Suppose that the statement holds for all \(t \le t' < T_A - 1\). Note that at moment \(t = t' + 1\) the sum \(\alpha _j + \beta _i\) is strictly greater than 2t unless \((i, j) = (l_A(t), r_A(t))\). Similarly to the base case, we have

$$\begin{aligned} |{{\,\mathrm{ov}\,}}\left( s'_i, s'_j\right) |&\le (m + 1)k_t - \alpha _j + T_A - \beta _i \\&< (m + 1)k_t - t + T_A - t = |{{\,\mathrm{ov}\,}}\left( s'_{l_A(t)}, s'_{r_A(t)}\right) |, \end{aligned}$$

where \(k_t = |{{\,\mathrm{ov}\,}}(s_{l_A(t)}, s_{r_A(t)})|\), and the induction step is proven.

Now note that starting from step \(T_A\) all the remaining strings in \(\mathcal {S}\) have empty overlaps and hence so do the remaining strings in \(\mathcal {S}'\), as for all of them \(\beta _i = T_A\) and the minimum in paragraph 2 of Lemma 1 is equal to zero. Thus, \(T_A = T'_A = T'_B\) and the lemma is proven.

Corollary 1

As all non-trivial merges coincide, \(|A(\mathcal {S}')| = |B(\mathcal {S}')|\).

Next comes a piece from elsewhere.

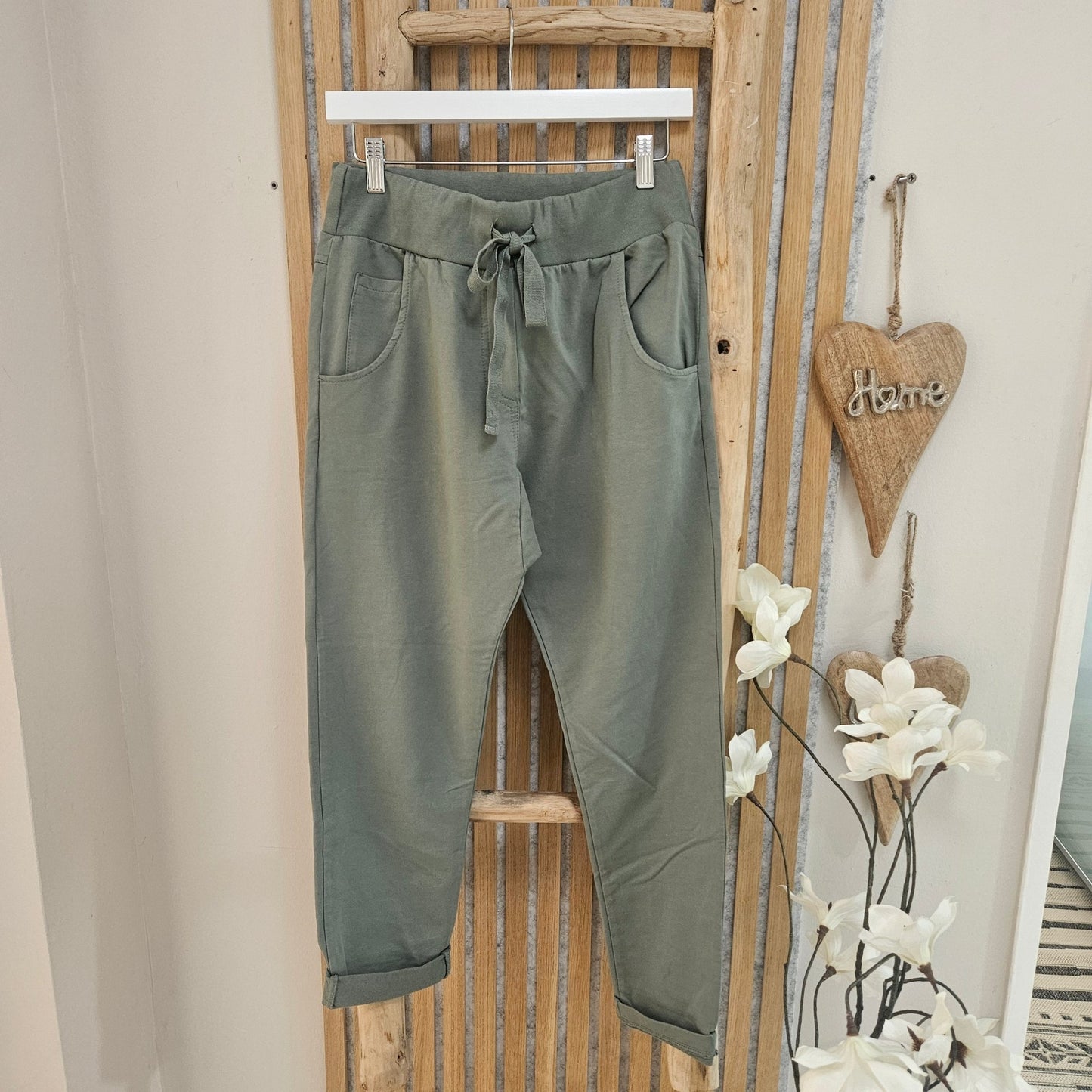 Joggpants mit Einstecktaschen "Khaki" - Jana`s Trend and Style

4 Equivalence of Instantiations

Theorem 1

If some instantiation A of GA achieves a \(\lambda \)-approximation, then so does any other instantiation.

Proof

Assume the opposite and consider \(B \in \mathrm {GA}\) as well as a dataset \(\mathcal {S}\) such that \(|B(\mathcal {S})| > \lambda |\mathrm {OPT}(\mathcal {S})|\). Let \(\mathcal {S}' = \mathcal {S}'(B, m)\) be the corresponding perturbed dataset, where \(m > 2n\) will be specified later.

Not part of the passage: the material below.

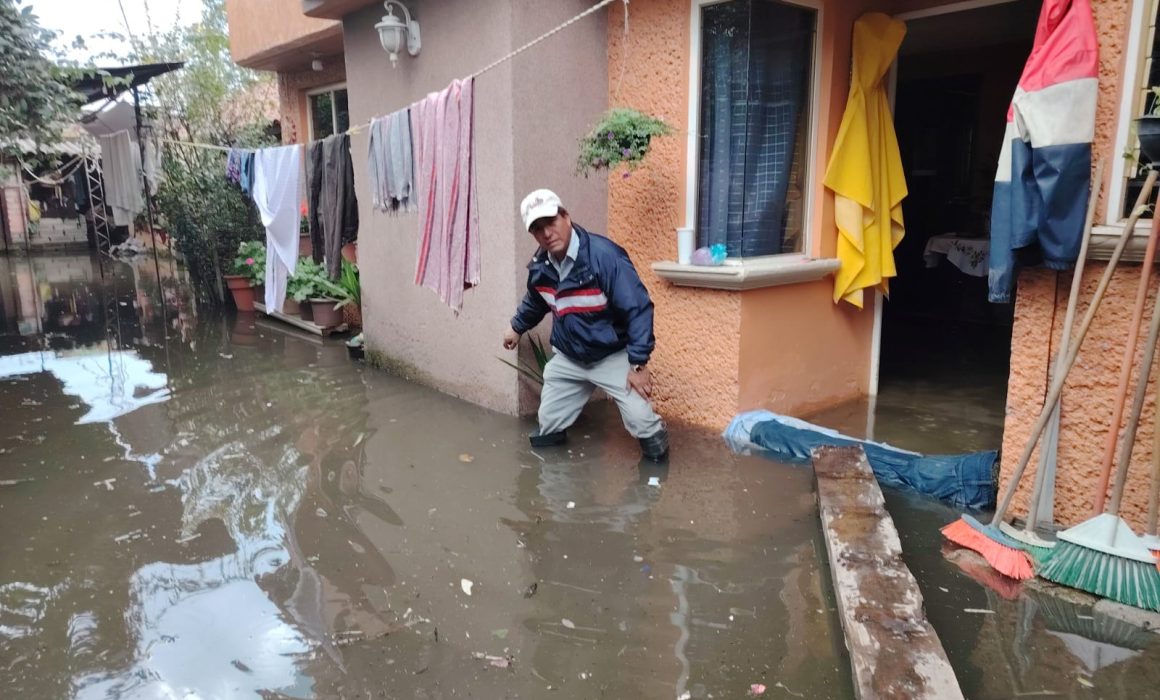 Vecinos de San Pedro Cholula en Ocoyoacac llevan más de dos semanas luchando contra las inundaciones y exigen apoyo estatal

Note that \(|s'_i| / m \rightarrow |s_i|\) and \(|{{\,\mathrm{ov}\,}}(s'_i, s'_j)| / m \rightarrow |{{\,\mathrm{ov}\,}}(s_i, s_j)|\) as m approaches infinity, thanks to Lemma 1.1–2. Then \(|\mathrm {OPT}(\mathcal {S}')| / m \rightarrow |\mathrm {OPT}(\mathcal {S})|\), since

$$\begin{aligned} \frac{1}{m} |\mathrm {OPT}(\mathcal {S}')| =&\frac{1}{m} \min _\sigma \left\{ \sum _{i=1}^n |s'_i| - \sum _{i=1}^{n-1}|{{\,\mathrm{ov}\,}}\left( s'_{\sigma (i)}, s'_{\sigma (i+1)}\right) |\right\} \\ \rightarrow&\min _\sigma \left\{ \sum _{i=1}^n |s_i| - \sum _{i=1}^{n-1}|{{\,\mathrm{ov}\,}}\left( s_{\sigma (i)}, s_{\sigma (i+1)}\right) |\right\} = |\mathrm {OPT}(\mathcal {S})|, \end{aligned}$$

\(|B(\mathcal {S}')|/m \rightarrow |B(\mathcal {S})|\) and hence \(|A(\mathcal {S}')|/m \rightarrow |B(\mathcal {S})|\), by Corollary 1.

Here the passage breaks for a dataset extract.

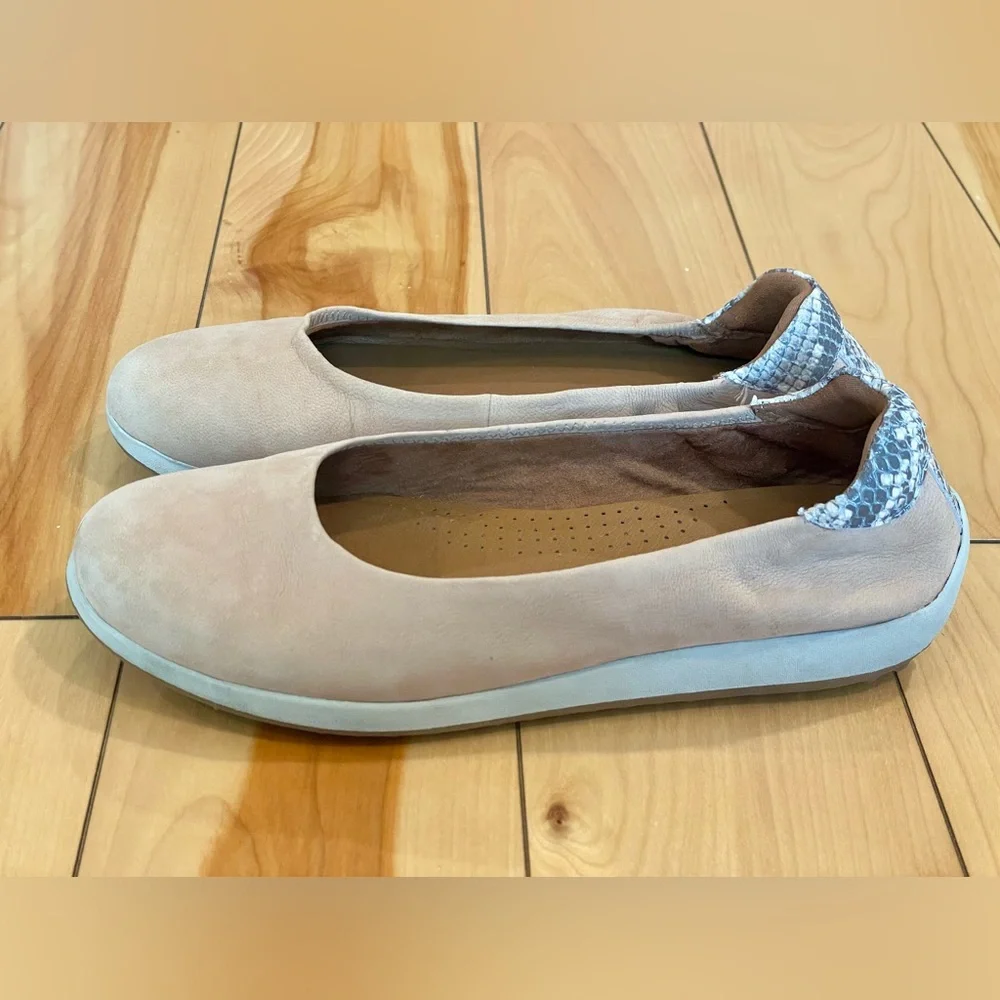 Caslon Nordstrom Leather Snake Embossed Heel‎ Flats Size 6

As \(|B(\mathcal {S})| - \lambda |\mathrm {OPT}(\mathcal {S})| > 0\), we can choose m so that \(|B(\mathcal {S}')| - \lambda |\mathrm {OPT}(\mathcal {S}')|\) as well as \(|A(\mathcal {S}')| - \lambda |\mathrm {OPT}(\mathcal {S}')|\) are positive. Hence A is not a factor \(\lambda \) approximation.

Corollary 2

To prove (or disprove) the Greedy Conjecture, it is sufficient to consider datasets satisfying some of the following three properties:

  1. 1.

    there are no ties between non-empty overlaps, that is, datasets where all the instantiations of the greedy algorithm work the same;

  2. 2.

    there are no empty overlaps: \({{\,\mathrm{ov}\,}}(s_i, s_j) \ne \varepsilon \), \(\forall \,i\ne j\);

  3. 3.

    all non-empty overlaps are (pairwise) different: \(|{{\,\mathrm{ov}\,}}(s_i, s_j)| \ne |{{\,\mathrm{ov}\,}}(s_k, s_l)|\), for all \(i\ne j\), \(k \ne l\), \((i, j) \ne (k, l)\).

Proof

  1. 1.

    Follows directly from the proof of Theorem 1, as we always can use the dataset \(\mathcal {S}'\) instead of \(\mathcal {S}\).

  2. 2.

    Append \(\$\) to each string of \(\mathcal {S}'\). Then, every two strings have non-empty overlap that at least contains \(\$\), and in general \(T_A = T'_A = T'_B\) from Lemma 2 does not hold (\(T'_A\) and \(T'_B\) are always n). However, the first \(T_A\) merges are still the same and after them all the remaining strings have overlaps of length 1 and then the lengths of the final solutions are the same as well.

  3. 3.

    Append \(\$^{n(T_A - \beta _i)}\) to each string of \(\mathcal {S}'\) instead of \(\$^{T_A - \beta _i}\). Then

    $$\begin{aligned} |{{\,\mathrm{ov}\,}}\left( s'_i, s'_j\right) | = (m + 1)|{{\,\mathrm{ov}\,}}\left( s_i, s_j\right) | - \alpha _j + nT_A - n\beta _i, \end{aligned}$$

    provided m is large enough, and \(\alpha _j \,+\, n\beta _i \ne \alpha _k \,+\, n\beta _l\) if \((i, j) \ne (k, l)\). Repeating the proofs of Lemmas 1 and 2 with this version of \(\mathcal {S}'\), we obtain this statement of the corollary.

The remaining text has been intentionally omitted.